Internetauktionen sind keine Versteigerungen im Sinne des § 156 BGB. Das Widerrufsrecht ist daher nicht gem. § 312 d Abs. 4 Nr. 5 BGB ausgeschlossen

AG Itzehoe, Urteil vom 18.05.2004, AZ 57 C 361/04 (Rechtskräftig)

Der Beklagte wird verurteilt, an den Kläger 596,06 € nebst Zinsen in Höhe von 5 Prozentpunkten über dem Basiszinssatz seit dem 06.02.2004 Zug um Zug ge­gen Übergabe zweier Armbanduhren, Typ “Original Glashütte Herrenuhr/Atelier Bruno Söhnle SA Großdatum” zu zahlen.

Es wird festgestellt, dass sich der Beklagte in Annahmeverzug befindet.

Die Kosten des Rechtsstreits trägt der Beklagte.

Das Urteil ist vorläufig vollstreckbar. Der Beklagte kann die Vollstreckung durch Sicherheitsleistung in Höhe von 110 % des aus dem Urteil vollstreckbaren Betra­ges abwenden, wenn nicht der Kläger vor der Vollstreckung Sicherheit in Höhe von 110 % des jeweils zu vollstreckenden Betrages leistet.

Die Berufung gegen das Urteil wird zugelassen.

 

 

Tatbestand:

Die Beklagte bot Ende 2003 als sog. Powerseller im Intemetauktionshaus ebay zwei Herrenarmbanduhren zum Verkauf an. Hierbei handelte es sich um zwei “Original Glashütte Herrenuhr Großdatum neu” ‑ Armbanduhren.
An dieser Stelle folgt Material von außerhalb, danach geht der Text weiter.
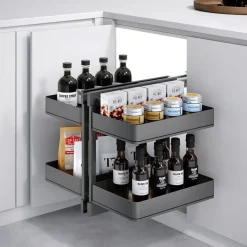 Panier coulissant extractible d'angle Harmony en acier anthracite EMUCA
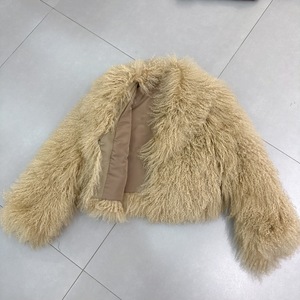 RXFurs vendita personalizzato tinta unita grande colletto corto da donna in lana di pecora naturale vera pelliccia di agnello cappotto in pelliccia da donna Mongolia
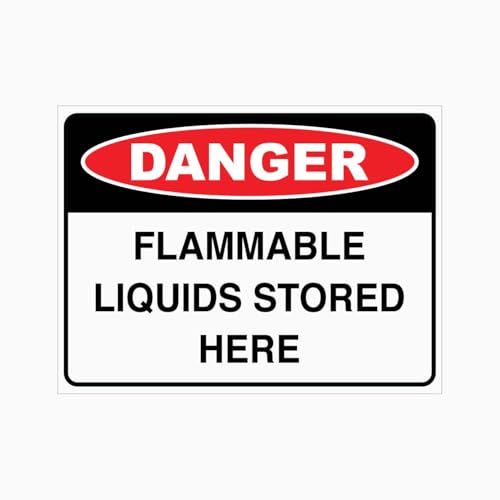 DANGER FLAMMABLE LIQUIDS STORED HERE Sign Workplace Metal Tin Sign 8 x 12 inch for Industrial & Commercial Series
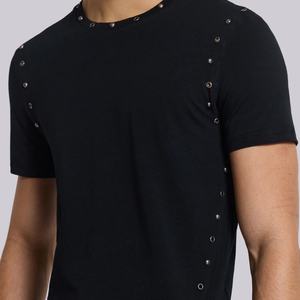 T-shirt en jersey de coton personnalisé avec logo OEM, coupe ajustée, manches courtes, pour homme, style streetwear, imprimé, unisexe, t-shirt ajusté pour homme - Product Image 3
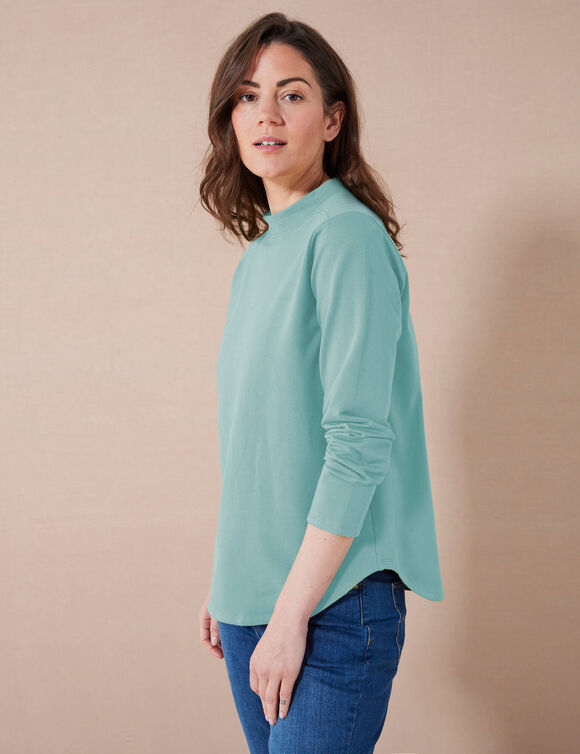 T-shirt molleton anti-froid, col montant   (bleu céladon)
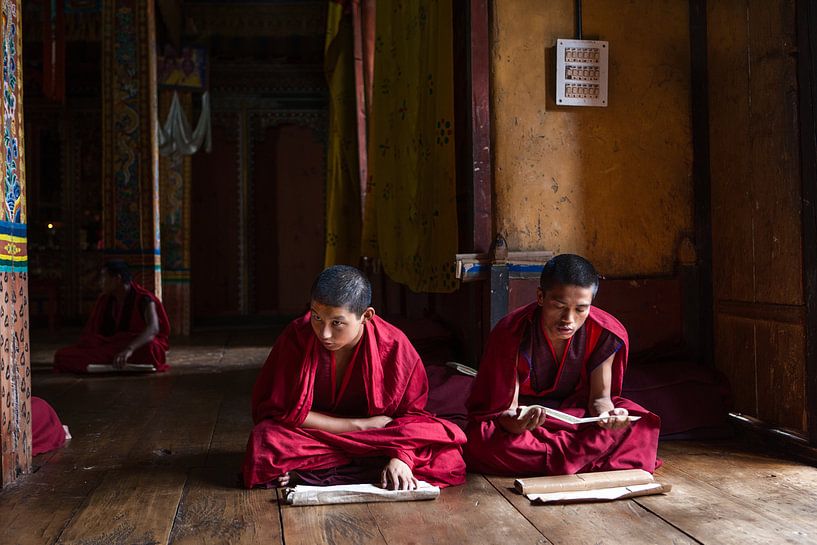 Jonge monniken in gebed ruimte in Dzong van Trongsa Bhutan. Wout Kok One2expose van Wout Kok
Die Armbanduhren wurden dabei unter den Artikeinummem 2679789163 und 2679788967 angeboten, wobei für erstere das Auktionsende auf den 25.12.2003, 18:45 Uhr festgelegt war und für die zweite Armbanduhr auf den 25.12.2003, 19:15 Uhr.

Zu den jeweiligen Zeiten hatte der Kläger das höchste Gebot abgegeben, sodass letztlich die erstgenannte Armbanduhr zu einem Preis von 351,00 € und die zweit­genannte Armbanduhr zu einem Preis 235,56 € vom Kläger ersteigert wurde.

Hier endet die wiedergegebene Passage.